#### [EXERCISE]
In the entries below, find the line with "Mazzo di fiori si vecchio foglio di carta", then set it down exactly along with each line after it to the end, skipping any pictures.

#### [MATERIAL PROVIDED]
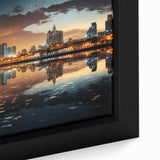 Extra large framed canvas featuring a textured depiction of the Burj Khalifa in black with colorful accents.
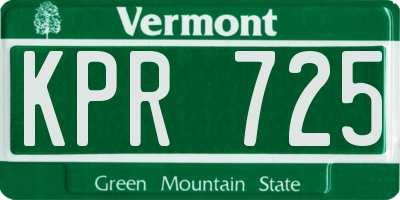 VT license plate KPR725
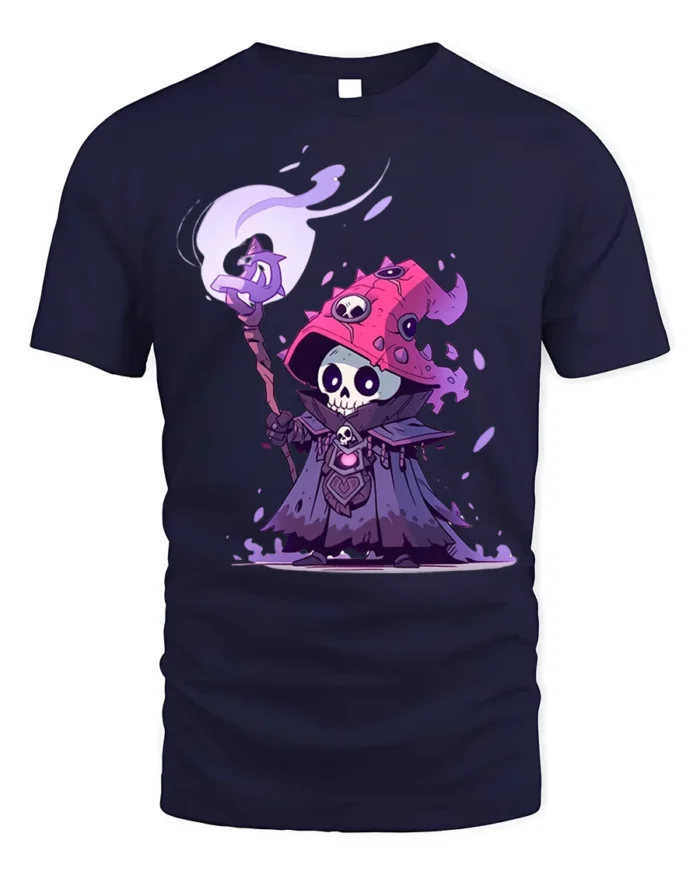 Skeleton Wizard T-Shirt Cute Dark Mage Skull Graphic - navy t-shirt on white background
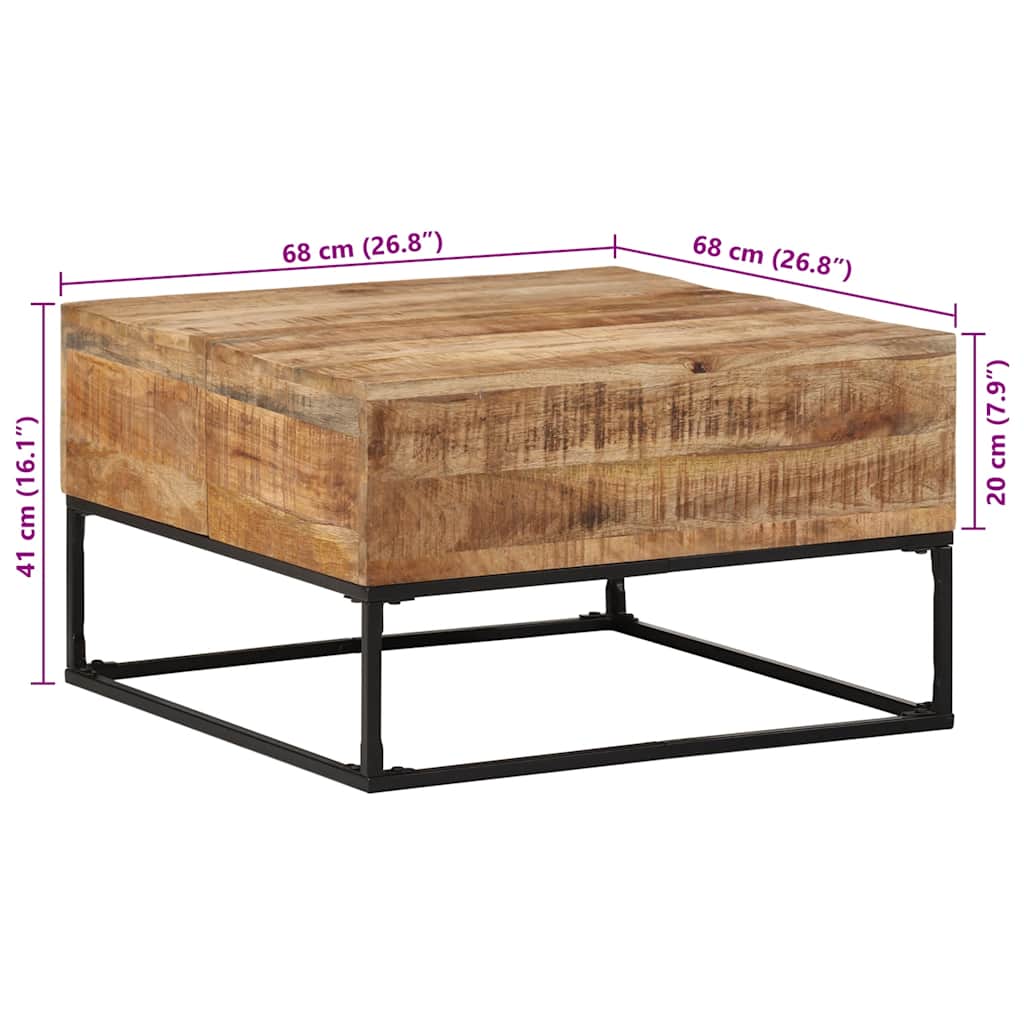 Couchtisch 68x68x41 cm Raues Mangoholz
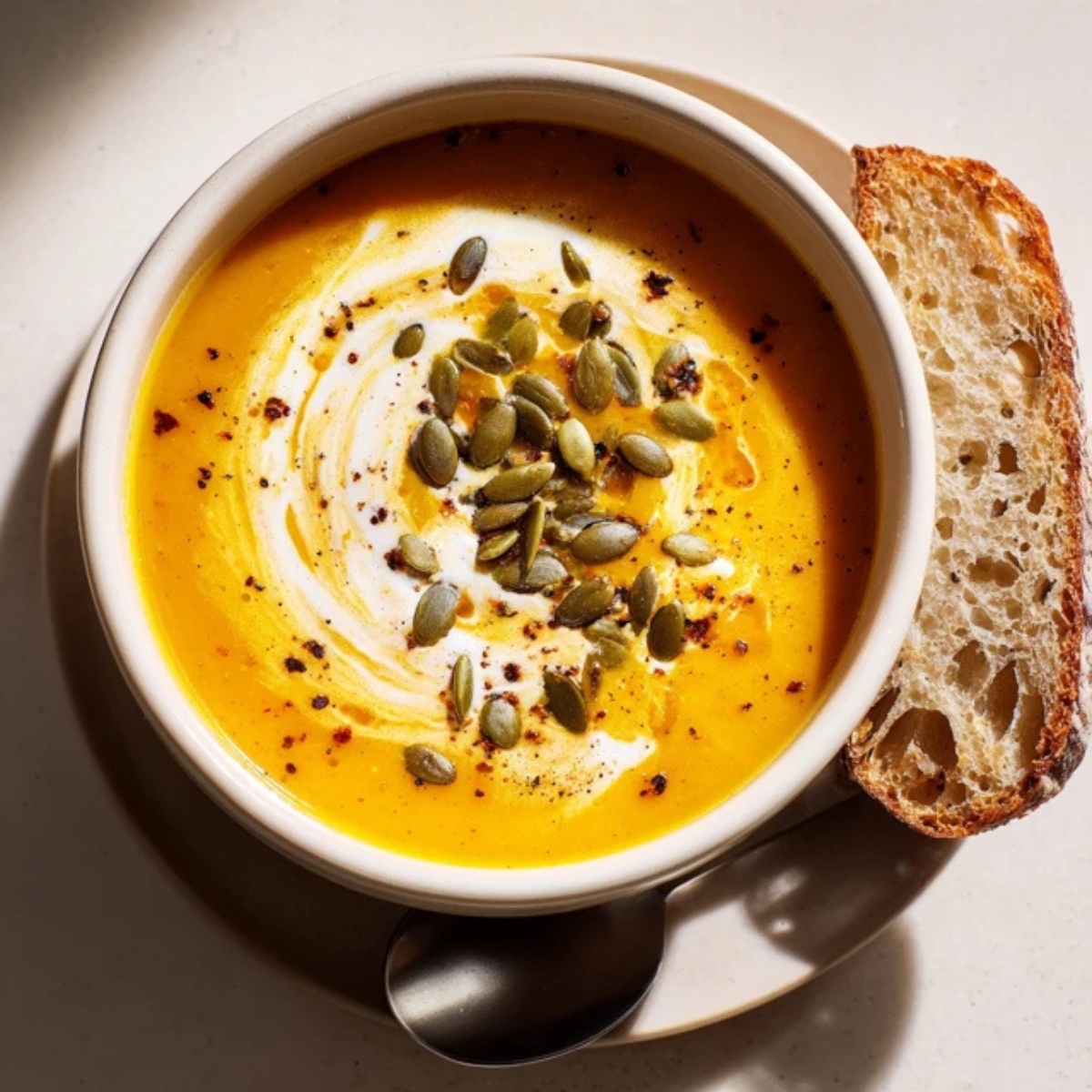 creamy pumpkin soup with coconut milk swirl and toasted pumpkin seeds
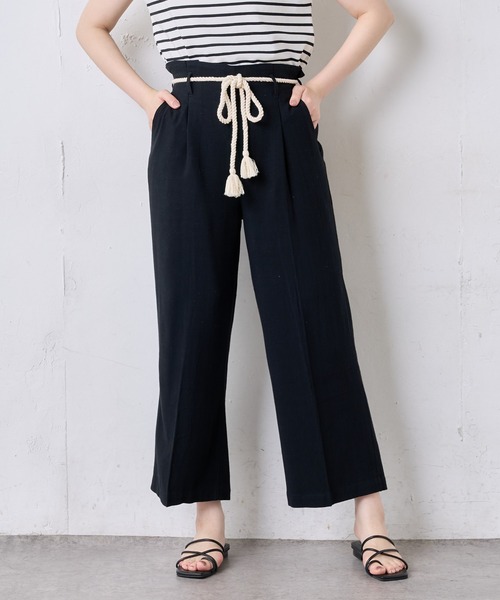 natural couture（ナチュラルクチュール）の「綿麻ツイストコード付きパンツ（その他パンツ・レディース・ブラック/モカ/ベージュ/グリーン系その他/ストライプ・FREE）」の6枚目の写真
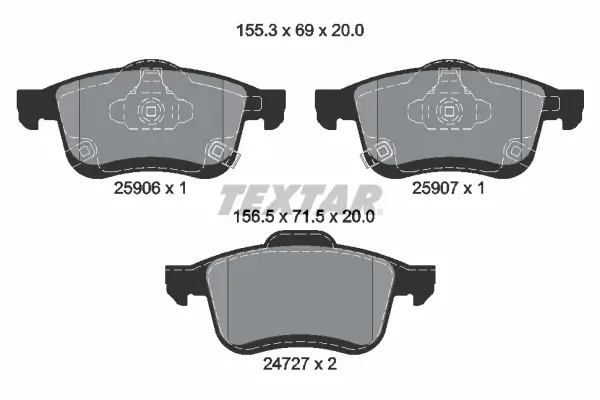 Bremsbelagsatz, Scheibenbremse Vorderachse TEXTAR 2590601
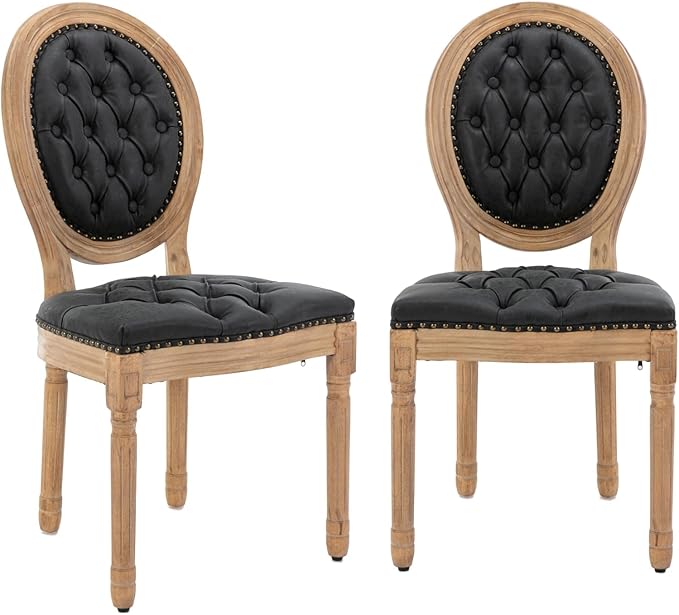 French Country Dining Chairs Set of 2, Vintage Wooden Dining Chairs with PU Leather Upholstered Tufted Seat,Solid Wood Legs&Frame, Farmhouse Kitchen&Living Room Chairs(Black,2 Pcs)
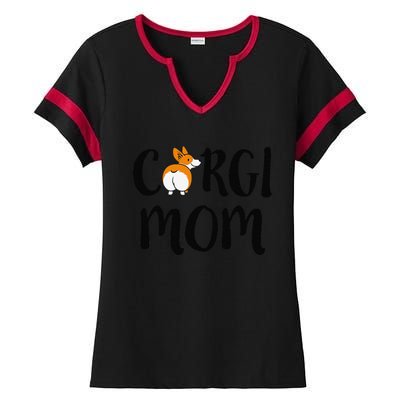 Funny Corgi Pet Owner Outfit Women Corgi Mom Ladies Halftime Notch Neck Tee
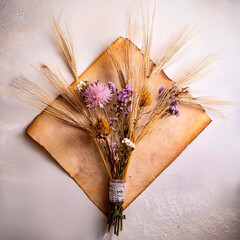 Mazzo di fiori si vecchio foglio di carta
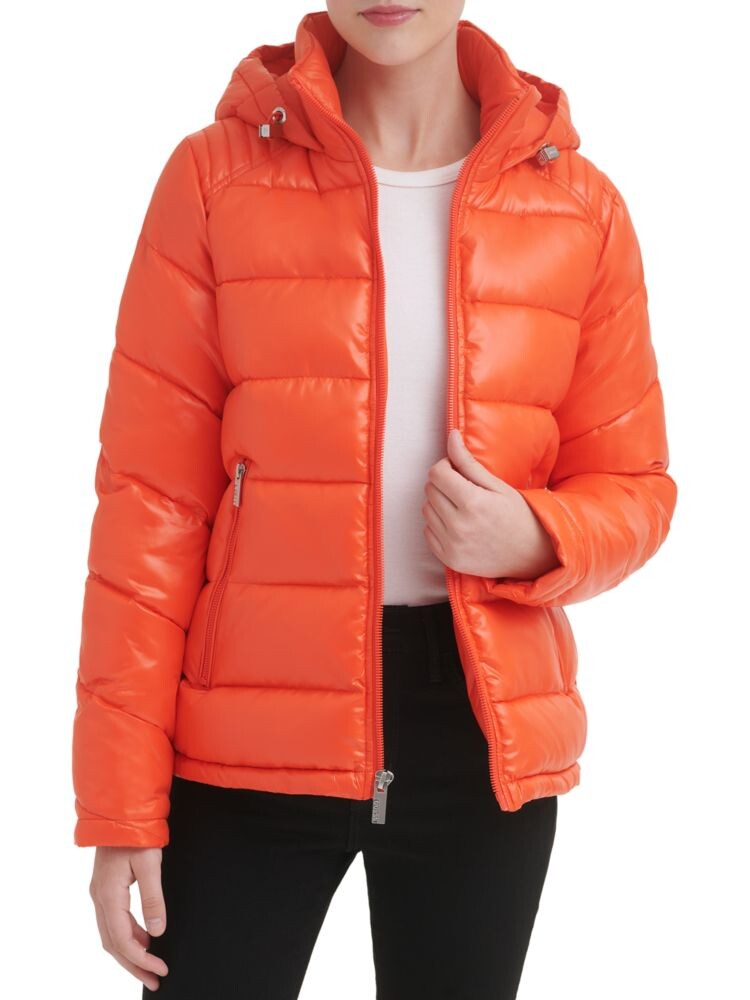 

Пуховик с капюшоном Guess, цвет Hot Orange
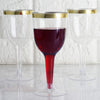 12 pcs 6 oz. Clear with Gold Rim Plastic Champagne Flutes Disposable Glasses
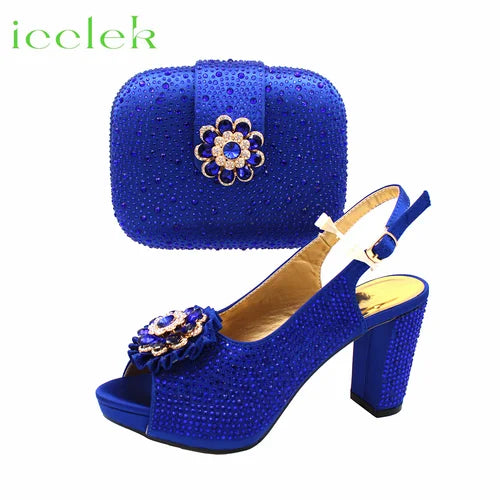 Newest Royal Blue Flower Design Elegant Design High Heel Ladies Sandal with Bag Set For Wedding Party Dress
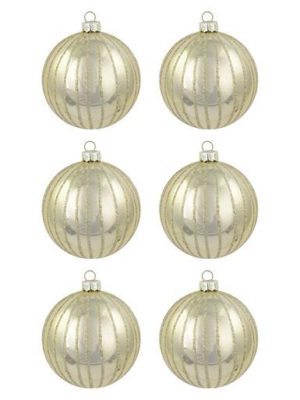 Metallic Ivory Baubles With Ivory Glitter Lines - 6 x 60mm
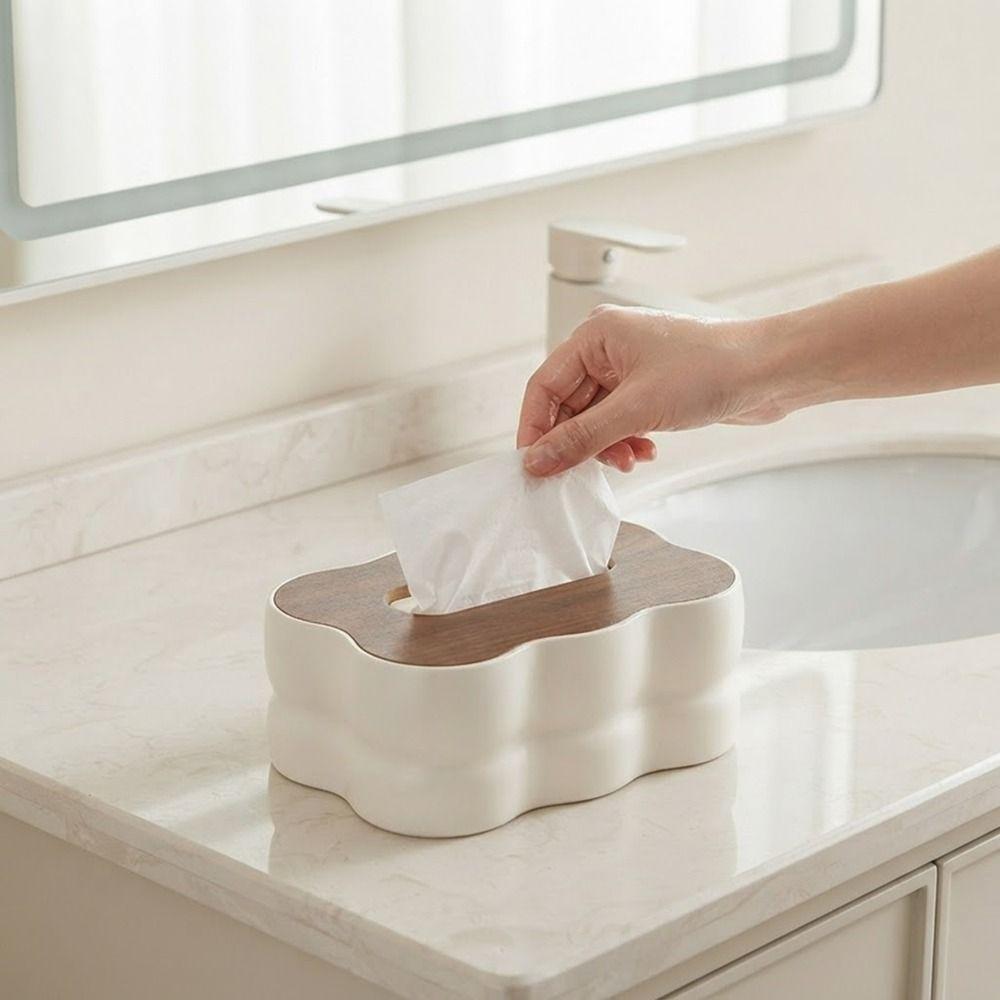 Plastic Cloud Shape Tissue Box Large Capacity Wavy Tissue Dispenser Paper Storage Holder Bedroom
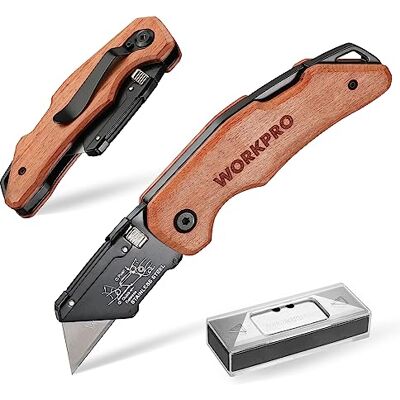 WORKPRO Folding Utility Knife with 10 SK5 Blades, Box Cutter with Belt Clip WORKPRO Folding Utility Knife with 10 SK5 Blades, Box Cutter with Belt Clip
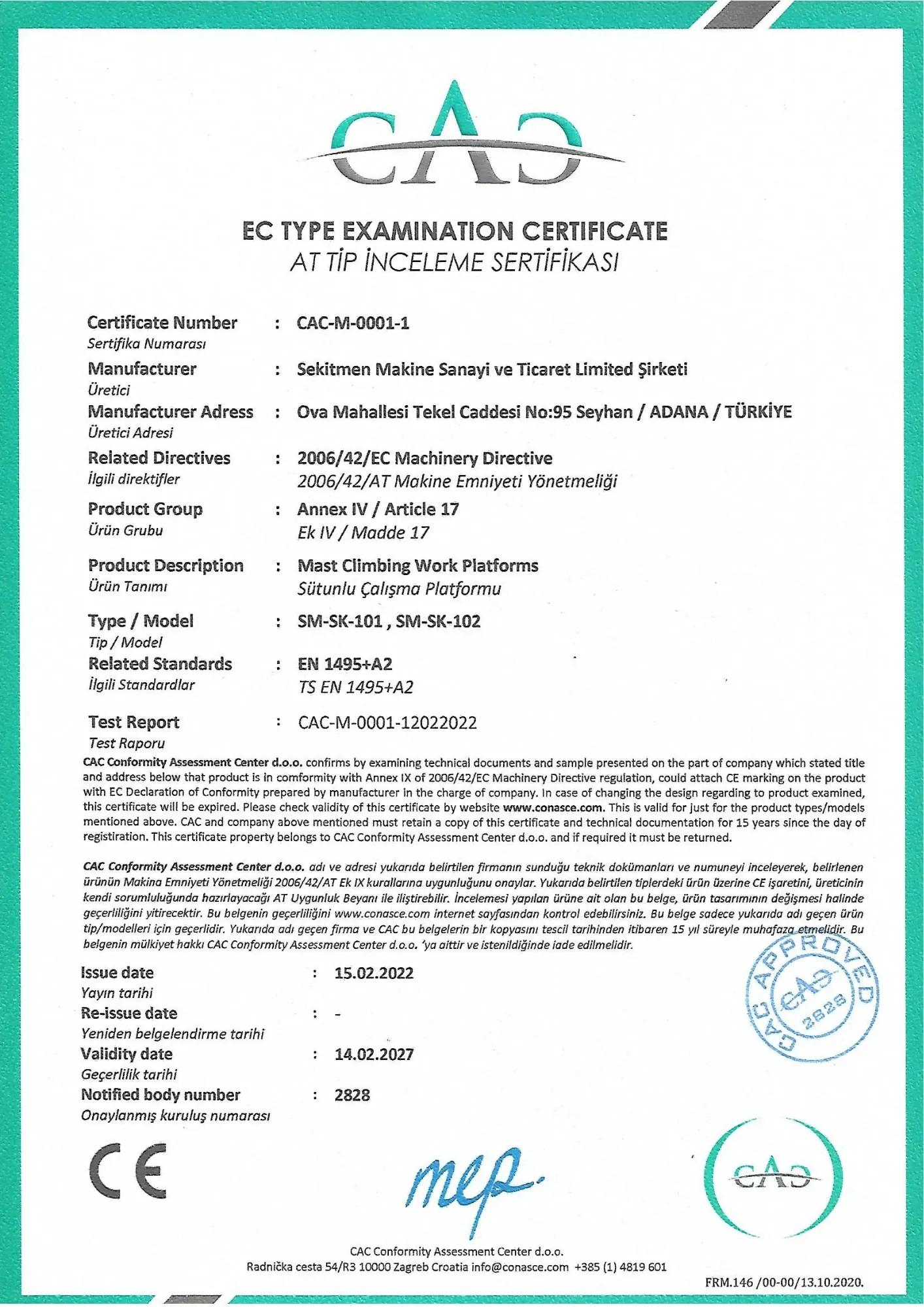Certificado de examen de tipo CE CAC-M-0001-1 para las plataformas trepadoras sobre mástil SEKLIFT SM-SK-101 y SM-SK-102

#### [OUTPUT OF THE TASK]
 Mazzo di fiori si vecchio foglio di carta

Пуховик с капюшоном Guess, цвет Hot Orange
 12 pcs 6 oz. Clear with Gold Rim Plastic Champagne Flutes Disposable Glasses
 Newest Royal Blue Flower Design Elegant Design High Heel Ladies Sandal with Bag Set For Wedding Party Dress
 Metallic Ivory Baubles With Ivory Glitter Lines - 6 x 60mm
 Plastic Cloud Shape Tissue Box Large Capacity Wavy Tissue Dispenser Paper Storage Holder Bedroom
 WORKPRO Folding Utility Knife with 10 SK5 Blades, Box Cutter with Belt Clip WORKPRO Folding Utility Knife with 10 SK5 Blades, Box Cutter with Belt Clip
Certificado de examen de tipo CE CAC-M-0001-1 para las plataformas trepadoras sobre mástil SEKLIFT SM-SK-101 y SM-SK-102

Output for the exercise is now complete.